Saengseon-jorim/Fish stew

Saengseon-jorim / Saengseonjorim (생선조림)

Saengseon-jorim/Fish stew.

main·30 min·easy·serves 2

Remember
2 soy
·
2 chili
·
2 sugar
·
2 oyster
·
1 vinegar

Tablespoons. The 5 ingredient sauce IS the recipe; the rest is just layering and simmering.

A universal Korean braising sauce that works on any fish you can find at the market. Mix the sauce, layer the pan, simmer. That's it.

Best with mackerel, sea bream or any firm white fish.

Ingredients

The 2·2·2·2·1 sauce — mix in a small bowl

  • 2 tbsp soy sauce (간장)
  • 2 tbsp gochugaru (Korean chili flakes)
  • 2 tbsp sugar
  • 2 tbsp oyster sauce (굴소스)
  • 1 tbsp rice vinegar (식초)
  • 1 tbsp minced garlic
  • ½ tsp minced ginger
  • 2 tbsp water (to loosen)

The pan

  • 2 fish fillets or 1 whole gutted fish (≈400g) — mackerel, pollock, or any firm white fish
  • 1 medium onion, sliced into thick rings
  • 2 spring onions (greens reserved for garnish)
  • 1 radish cut into 5cm batons
  • 1 cup water

Method

  1. Mix the 2·2·2·2·1 sauce. Combine everything in a small bowl. Whisk until the sugar dissolves. Set aside.
  2. Layer the pan, cold. Onion rings and radish cut into thick pieces (~5cm batons) on the bottom of a wide, shallow pan. Spring onion whites on top.
  3. Place the fish. Lay fillets (or whole fish) on top of the aromatics — don't crowd.
  4. Pour the sauce. Spoon the sauce evenly over the fish. Add 1 cup water around the sides (not over the fish).
  5. Cover and simmer — medium heat, 15 minutes. The aromatics underneath protect the fish from sticking and infuse the sauce.
  6. Baste at minute 10. Open the lid, spoon sauce over the fish twice, cover again. This is what makes the top glossy.
  7. Uncover the last 3 minutes. Let the sauce reduce to a glossy glaze. Don't walk away — it goes from saucy to scorched fast.
  8. Garnish + serve. Reserved spring onion greens on top. Serve over rice with the sauce spooned around.

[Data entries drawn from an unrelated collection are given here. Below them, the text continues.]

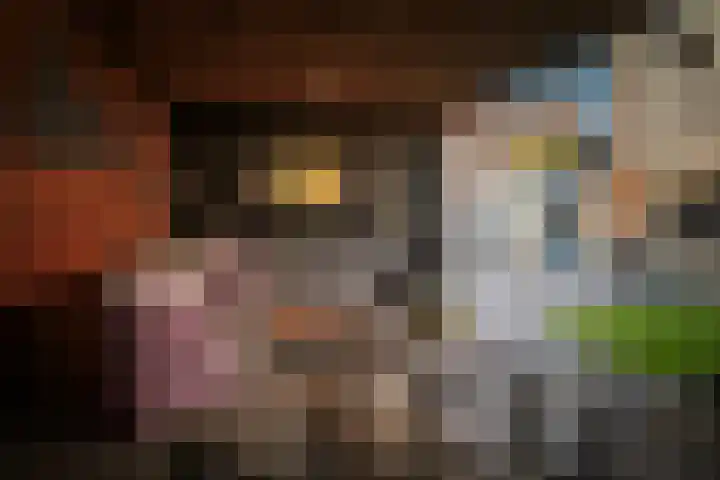Acacialaan 17 Twello thumbnail 27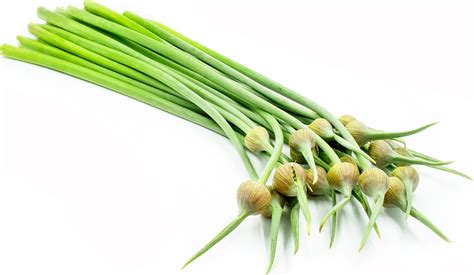 Elephant Garlic Scapes Information Recipes And Facts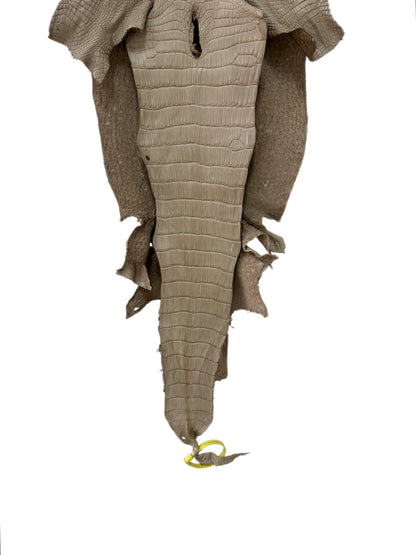 31 cm Grade 2/3 Oatmeal Matte Wild American Alligator Leather - Tag: LA25-0004549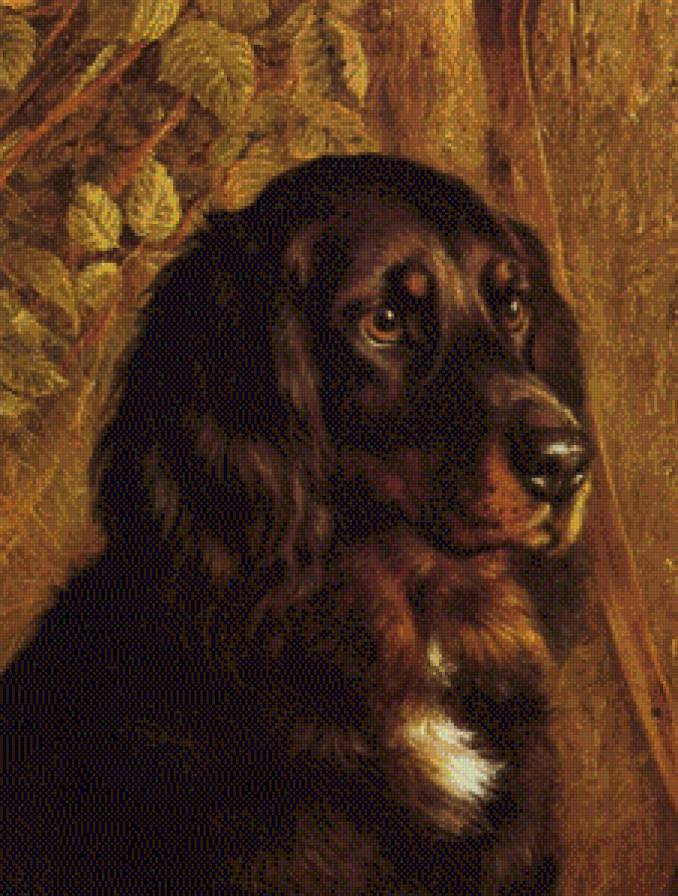 собаки - предпросмотр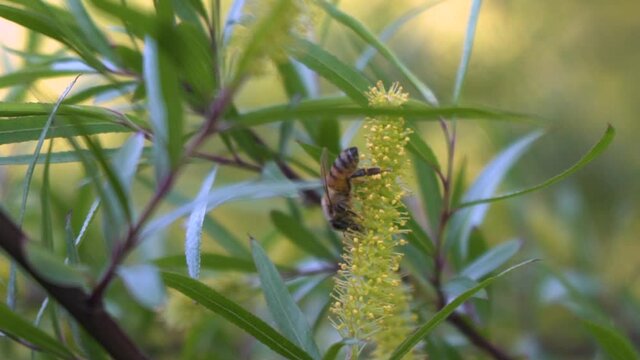 Abeja polinizando - Flora &  Fauna 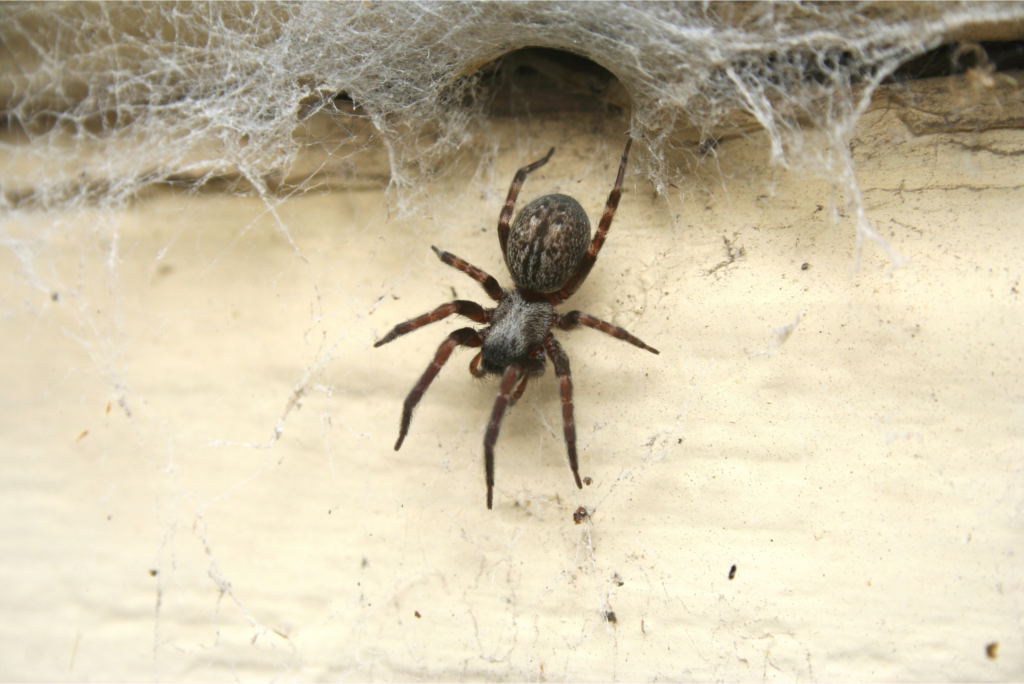 Spiders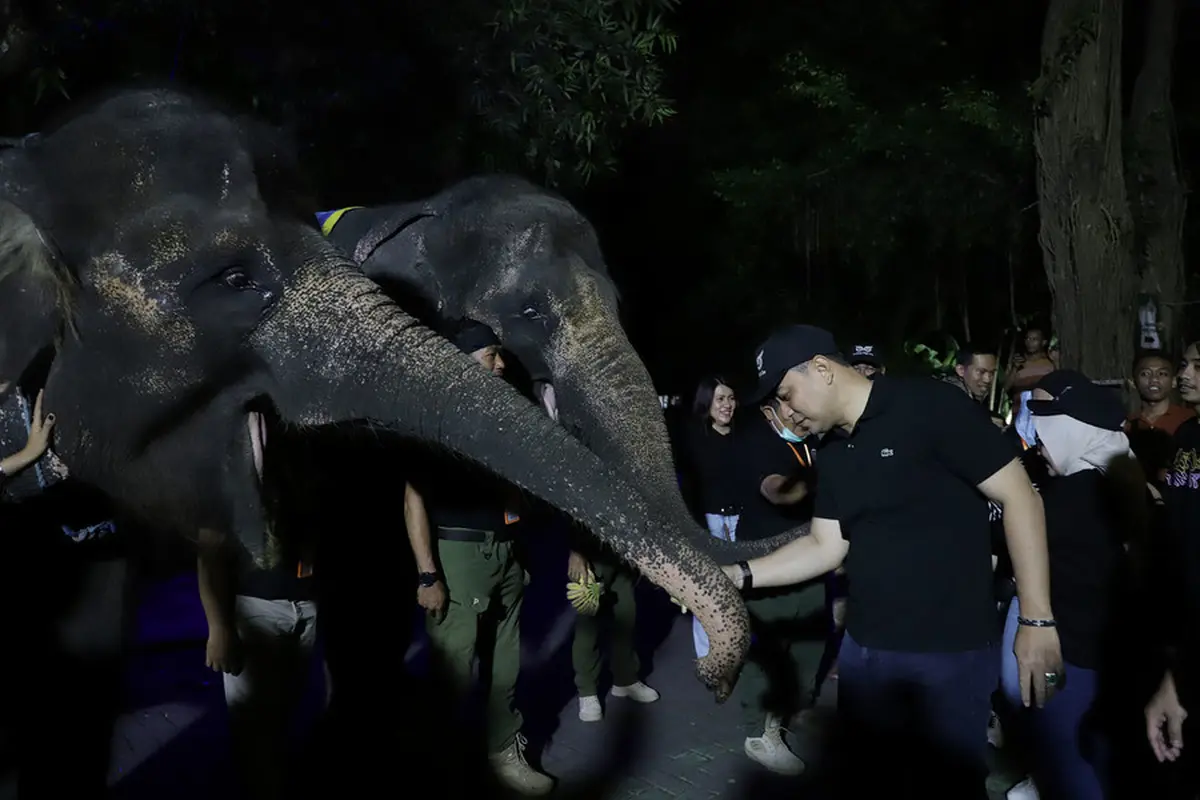 Eri Cahyadi saat menikmati ujicoba pembukaan  Surabaya Night Zoo. (Istimewa)
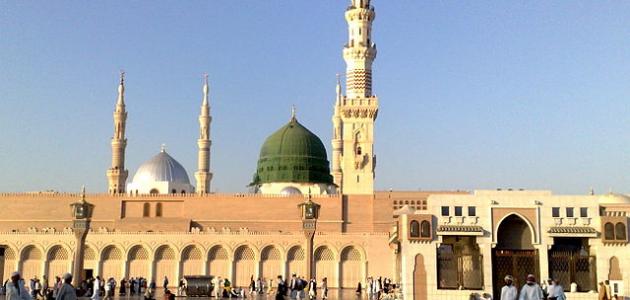 المدينة المنورة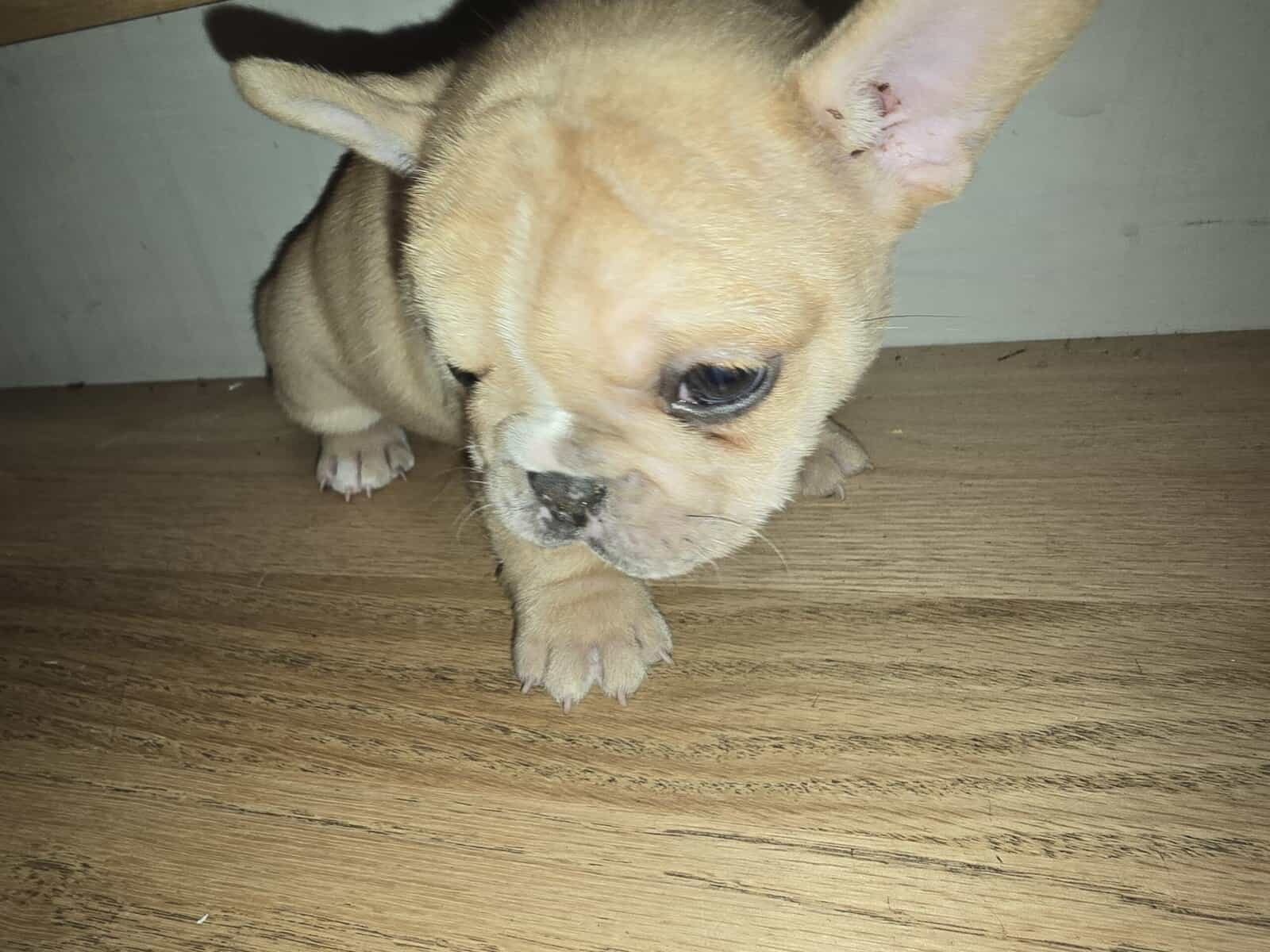 French bulldogs male image 3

Tip · fish doesn't matter, sauce does

Mackerel or sea bream is classic, but this works with pollock, hake, cod, even firm trout. Pick what's fresh at the counter.

Tip · the layered pan trick

Always put aromatics underneath the fish. Two reasons: (1) fish doesn't stick to the pan, and (2) the onion + spring onion silently cook into the sauce, making it deeper and sweeter. Skip this and you'll wonder why your jorim tastes flat.